Vor der eigentlichen Visionssuche wird die Absicht eines Jeden, der sich diesem Initiationsritual unterziehen möchte erklärt und jeder hat ausreichend Zeit sich angemessen auf diese besondere Zeit des Übergangs und der Initiation in sich selbst vorzubereiten.

Auch nach der Visionssuche ist ausreichend Zeit, um sich immer wieder zu erinnern, welche Erfahrungen und Erkenntnisse gewonnen wurden und in den Alltag transportiert werden wollen. Hierbei gibt es ebenfalls Unterstützung von den Prozessbegleitern der Visionssuche. Vor Abreise werden einige Brücken gebaut, damit
die Erfahrungen in den Alltag transferiert werden können. Langfristiger und nachhaltiger Transfer wird somit
sicher gestellt.  

Wozu eine Visionssuche ?

  • Du hast die Möglichkeit einen Übergang in deinem Leben besonders zu markieren (Trennung / Scheidung, Tod eines geliebten Menschen, Wohnortwechsel, Ende des Studiums oder der Schule, Erkrankung und Genesung, Wendezeiten in der Lebensmitte, Mutter- /Vaterschaft….)
  • Du hast die Chance Kraft in der Natur zu sammeln und dich neu mit ihr zu verbinden,
    dich als Teil von ihr zu erleben
  • Dich vom Alltag entfernen und die Tiefe der eigenen Seelenlandschaft zu erfahren

  • Eine persönliche Krise zu meistern und dann auch beenden wollen und können
  • Dich mit etwas Vergangenem aussöhnen
  • Du möchtest Vertrauen in dich selbst und dein Leben entwickeln und dich wertschätzen lernen
  • Du möchtest deinen Platz im Leben finden
  • Du willst dich einer Herausforderung stellen und sie  bewältigen, Verantwortung übernehmen
    und selbständig werden
  • das Alte trägt nicht mehr und das Neue ist noch nicht erkennbar
  • Und und und...

Etwas zu beginnen heißt,
etwas anzufangen.
Wir beginnen immer mit einem Ende.
                     T.S. Elliot

Wer kann an einer Visionssuche teilnehmen ?

Alle Menschen, die sich wünschen in ihrem Leben einen Wendepunkt einzuleiten und einen Übergang markieren wollen.

Es gibt fast keine Ausschlußkriterien, da es bei diesem Ritual nicht um sportliche oder sonstige körperliche Herausforderungen geht.
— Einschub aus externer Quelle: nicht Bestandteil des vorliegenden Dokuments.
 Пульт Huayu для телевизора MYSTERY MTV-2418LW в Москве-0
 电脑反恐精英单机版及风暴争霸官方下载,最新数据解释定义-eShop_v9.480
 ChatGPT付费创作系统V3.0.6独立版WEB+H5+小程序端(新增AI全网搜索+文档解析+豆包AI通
Es ist für alle Menschen offen. Eine Voraussetzung ist die psychische Stabilität und Belastbarkeit, um eine Visionssuche machen zu können, denn Du wirst auch deinen Ängsten begegnen.
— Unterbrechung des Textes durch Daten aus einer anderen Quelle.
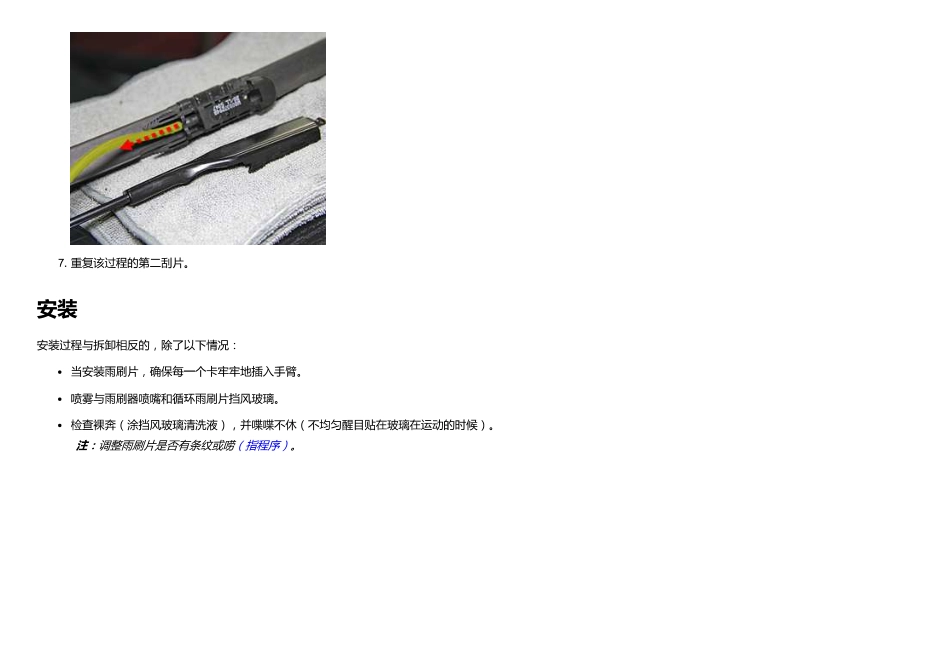 有目录全套特斯拉Tesla Model X 维修手册.电路图.电缆接线.零件目录.维修工时.技术公告.用户手册1111111111_1501-1600.pdf_第1页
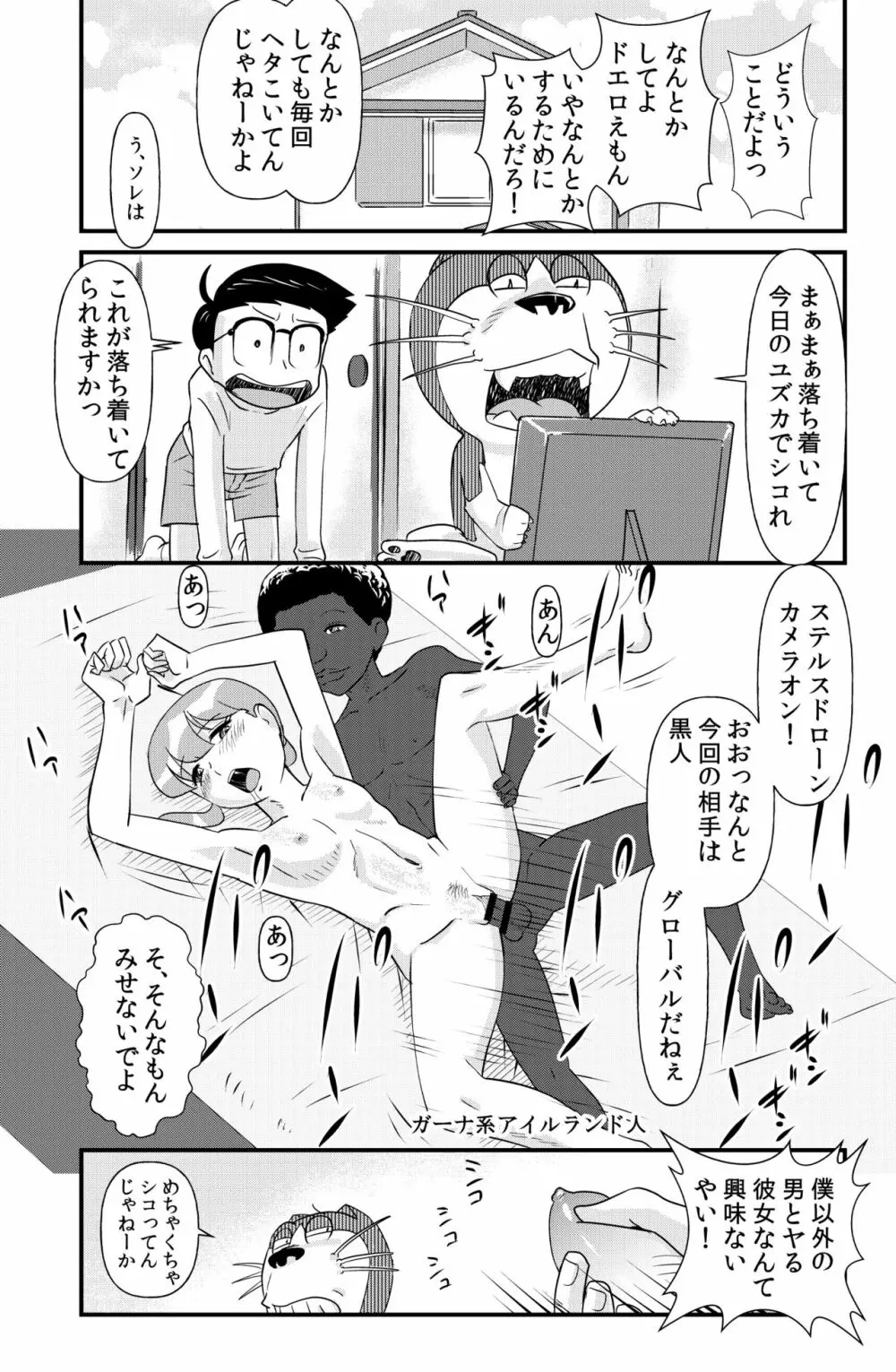 ドエロえもん 28ページ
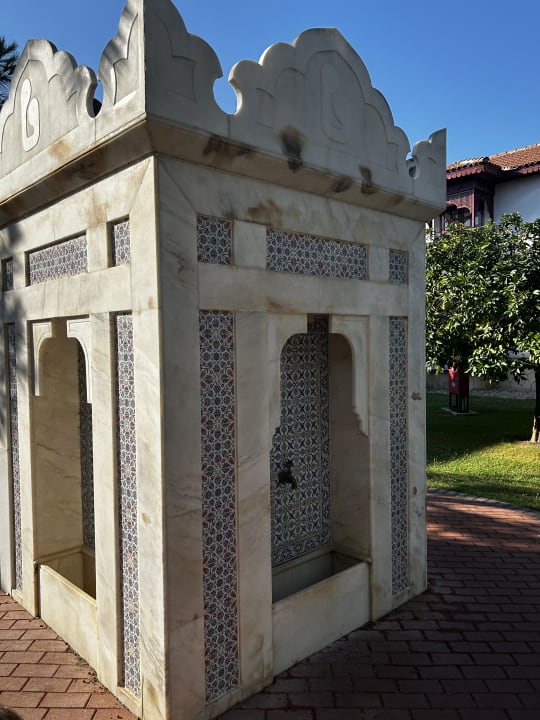 Sonstiges Ali Bey Club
Die Visionssuche findet im sogenannten Marburger Hinterland statt. Die Ausläufer des Rothaargebirges fügen sich hier zu sanften Hügeln zusammen und bilden eine schöne Waldlandschaft mit altem Baumbestand.

 

Wenden Sie sich bei Interesse gerne über das Kontaktformular an uns.

 

Begriffserklärung: Visionssuche als archaisches Übergangsritual in der Tradition der School of Lost Borders, USA das in der Natur stattfindet.
Es besteht aus 3 Teilen.
1. eine Zeit der Anleitung und Vorbereitung in der Gruppe.
2. eine Solozeit, alleine fastend und in der Natur und
3. die Geschichten der Solozeit werden in der Gruppe mit Hilfe der Leiter angeschaut (Distanzieren, Separieren, Integrieren).